[PATCH 03/11] fs: don't allow splice read/write without explicit ops

Kees Cook keescook at chromium.org
Wed Aug 19 05:58:07 AEST 2020


On Tue, Aug 18, 2020 at 09:54:46PM +0200, Christoph Hellwig wrote:
> On Tue, Aug 18, 2020 at 12:39:34PM -0700, Kees Cook wrote:
> > On Mon, Aug 17, 2020 at 09:32:04AM +0200, Christoph Hellwig wrote:
> > > default_file_splice_write is the last piece of generic code that uses
> > > set_fs to make the uaccess routines operate on kernel pointers.  It
> > > implements a "fallback loop" for splicing from files that do not actually
> > > provide a proper splice_read method.  The usual file systems and other
> > > high bandwith instances all provide a ->splice_read, so this just removes
> > > support for various device drivers and procfs/debugfs files.  If splice
> > > support for any of those turns out to be important it can be added back
> > > by switching them to the iter ops and using generic_file_splice_read.
> > > 
> > > Signed-off-by: Christoph Hellwig <hch at lst.de>
> > 
> > This seems a bit disruptive?
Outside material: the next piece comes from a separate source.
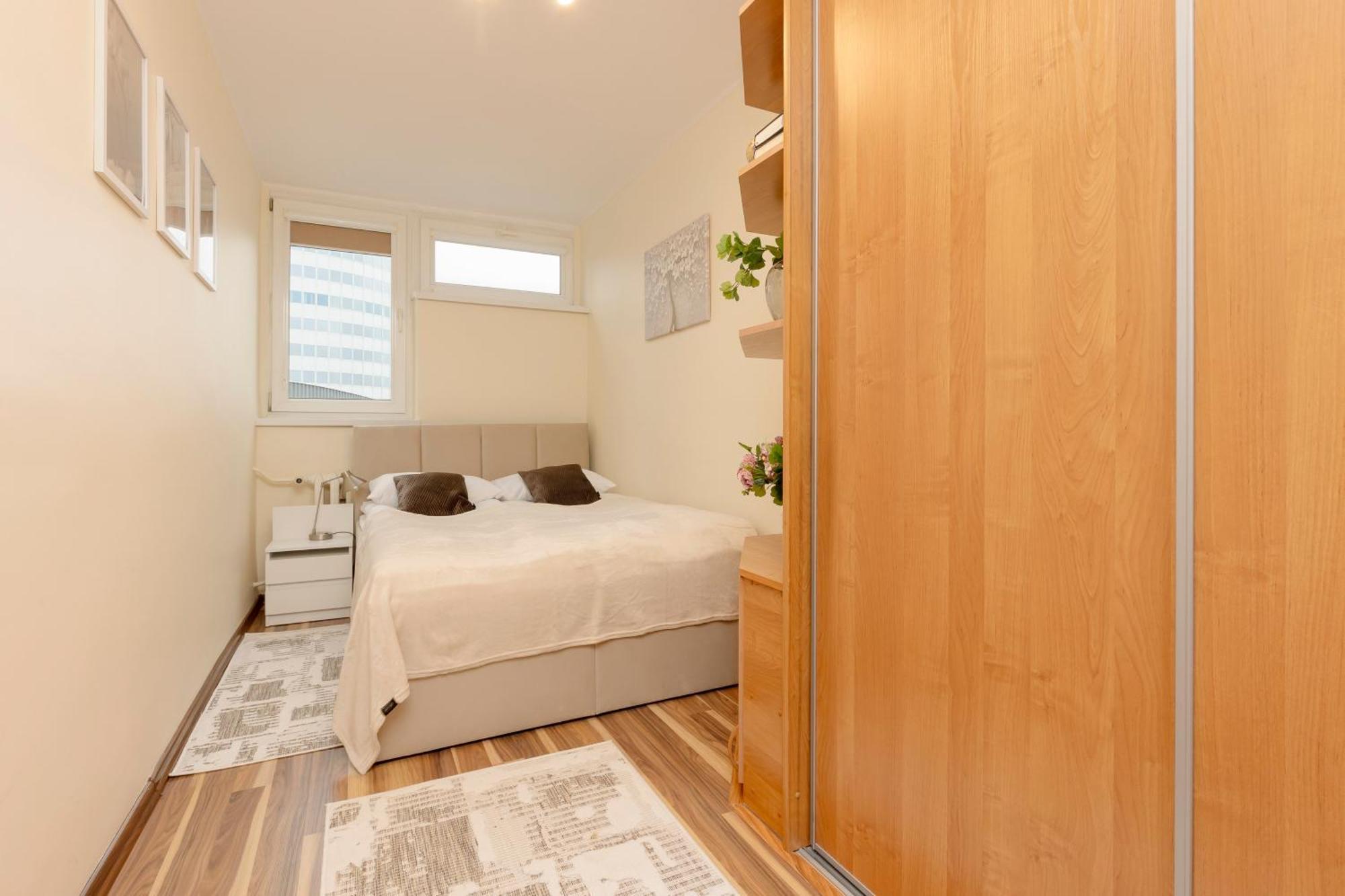 Bright & Cozy Apartments In The City Center By Noclegi Renters Warszawa Eksteriør billede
I feel like this is going to make fuzzers
> > really noisy (e.g. trinity likes to splice random stuff out of /sys and
> > /proc).
> 
> Noisy in the sence of triggering the pr_debug or because they can't
> handle -EINVAL?

Well, maybe both? I doubt much _expects_ to be using splice, so I'm fine
with that, but it seems weird not to have a fall-back, especially if
something would like to splice a file out of there. But, I'm not opposed
to the change, it just seems like it might cause pain down the road.